I've built a simulation of a multinomial choice process as a benchmark (so I can be sure what the correct answer is) and the mlogit package seems to be able to recover something close to the true result (note that in reality the size of the choice set would vary across instances). Ideally I would want to be able to have the intercepts drawn from a distribution and partially pooled rather than being fixed effects and have higher level random intercepts as well.

library(dplyr)
library(mlogit)
library(reshape2)


n.intercepts <- 10
n.obs <- 1000
choices.per.time <- 4
price.coef <- -0.4
intercept.sd <- 1

mode.intercepts <- rnorm(n.intercepts, sd = intercept.sd)
choice.sets <- t(replicate(n.obs, sample(LETTERS[1:n.intercepts], choices.per.time)))
prices <- matrix(rnorm(n.intercepts * 100), ncol = 10)
names(mode.intercepts) <- LETTERS[1:n.intercepts]
colnames(prices) <-  LETTERS[1:n.intercepts]

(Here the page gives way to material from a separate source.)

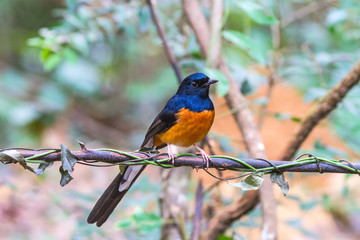 Beautiful male bird White Rumped Shama or Copsychus Malabaricus on branch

intercept.choice.set <- matrix(mode.intercepts[choice.sets], ncol = 4, nrow = n.obs, byrow = F)
price.choice.set <- t(mapply(function(x,y) x[match(y, LETTERS)], 
                             split(prices, 1:nrow(prices)), 
                             split(choice.sets, 1:nrow(choice.sets))))

xb <- intercept.choice.set + price.choice.set * price.coef
exb <- exp(xb)

choice.set.probs <- t(mapply(function(x,y) y / x, rowSums(exb), split(exb, 1:nrow(exb))))
choices <- t(apply(choice.set.probs, 1, rmultinom, size = 1, n= 1))
choices <- mapply(function(x,y) x[y], split(choice.sets, 1:nrow(choice.sets)), apply(choices==1, 1, which))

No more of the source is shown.